● **Exercise objective**
Beginning with the line that includes "Used 2019 Jeep", return every remaining line of the material exactly as it reads, but not the pictures.

● **Data block**
====================

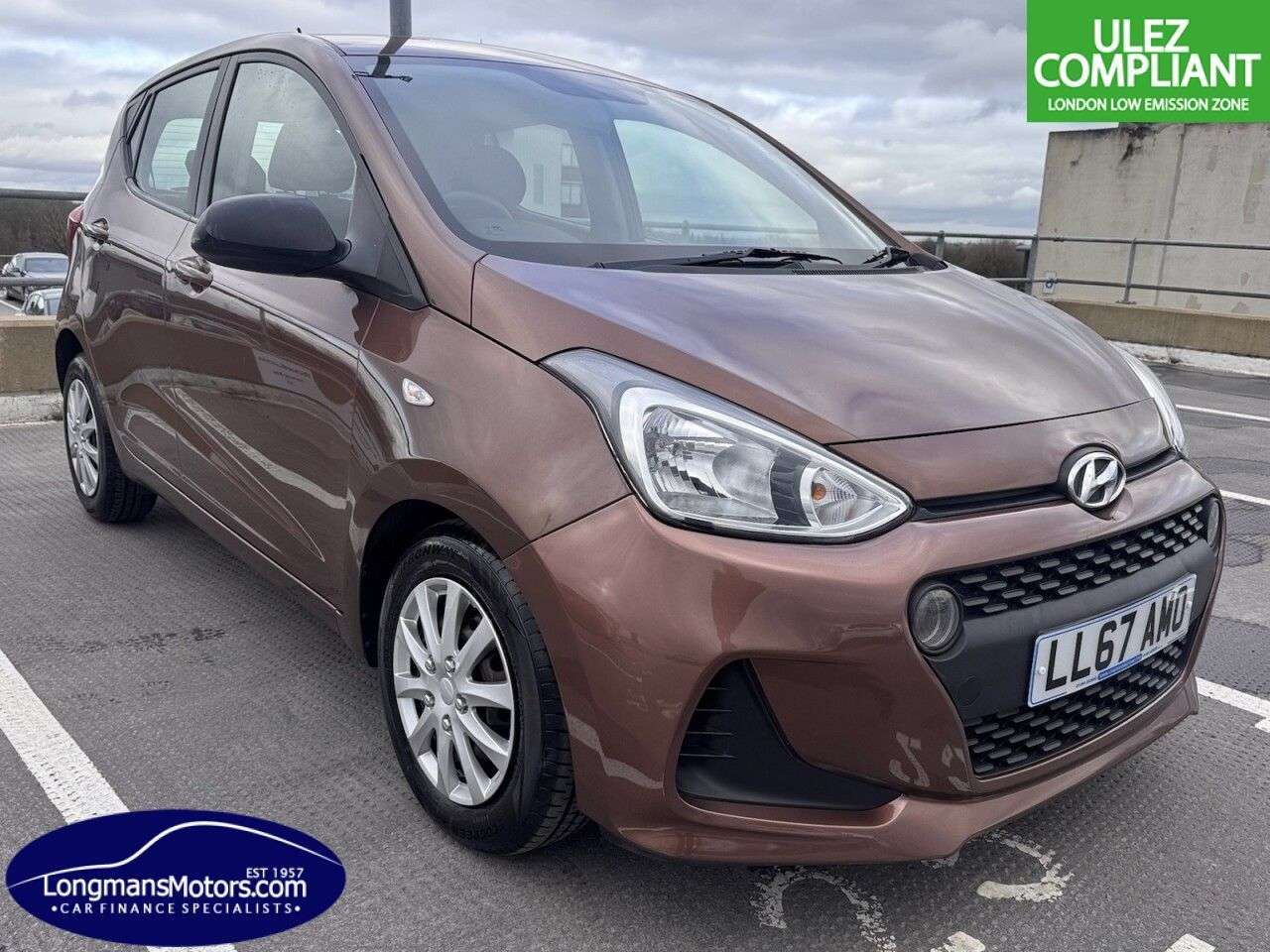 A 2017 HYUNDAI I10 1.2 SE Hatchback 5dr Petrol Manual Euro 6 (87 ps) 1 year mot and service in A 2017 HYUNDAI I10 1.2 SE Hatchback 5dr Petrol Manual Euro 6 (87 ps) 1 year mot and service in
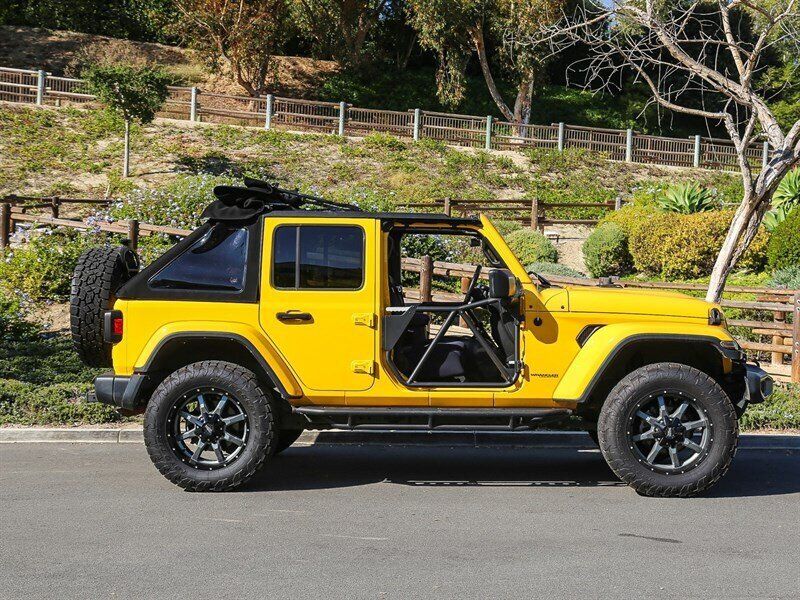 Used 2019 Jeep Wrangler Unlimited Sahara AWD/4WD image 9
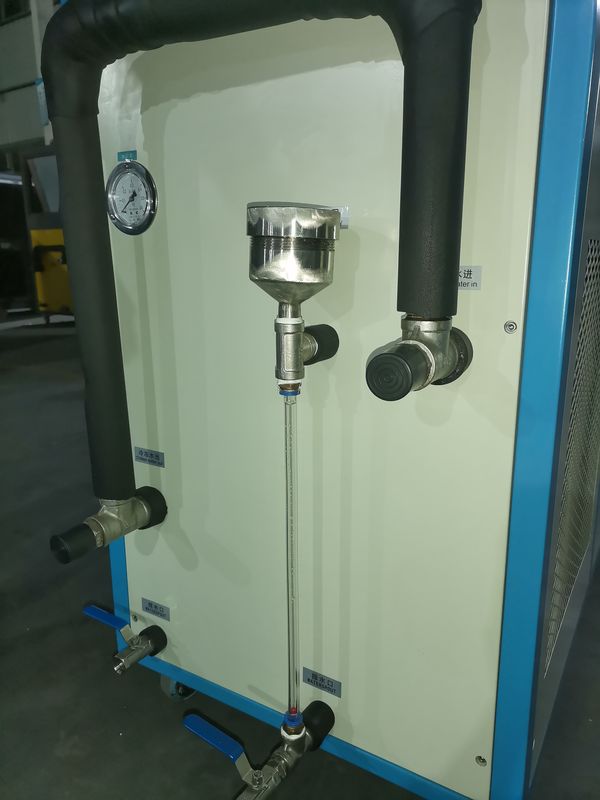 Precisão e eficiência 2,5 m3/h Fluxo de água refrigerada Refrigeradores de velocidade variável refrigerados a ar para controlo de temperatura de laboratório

====================

● **Solution below**
 Used 2019 Jeep Wrangler Unlimited Sahara AWD/4WD image 9
 Precisão e eficiência 2,5 m3/h Fluxo de água refrigerada Refrigeradores de velocidade variável refrigerados a ar para controlo de temperatura de laboratório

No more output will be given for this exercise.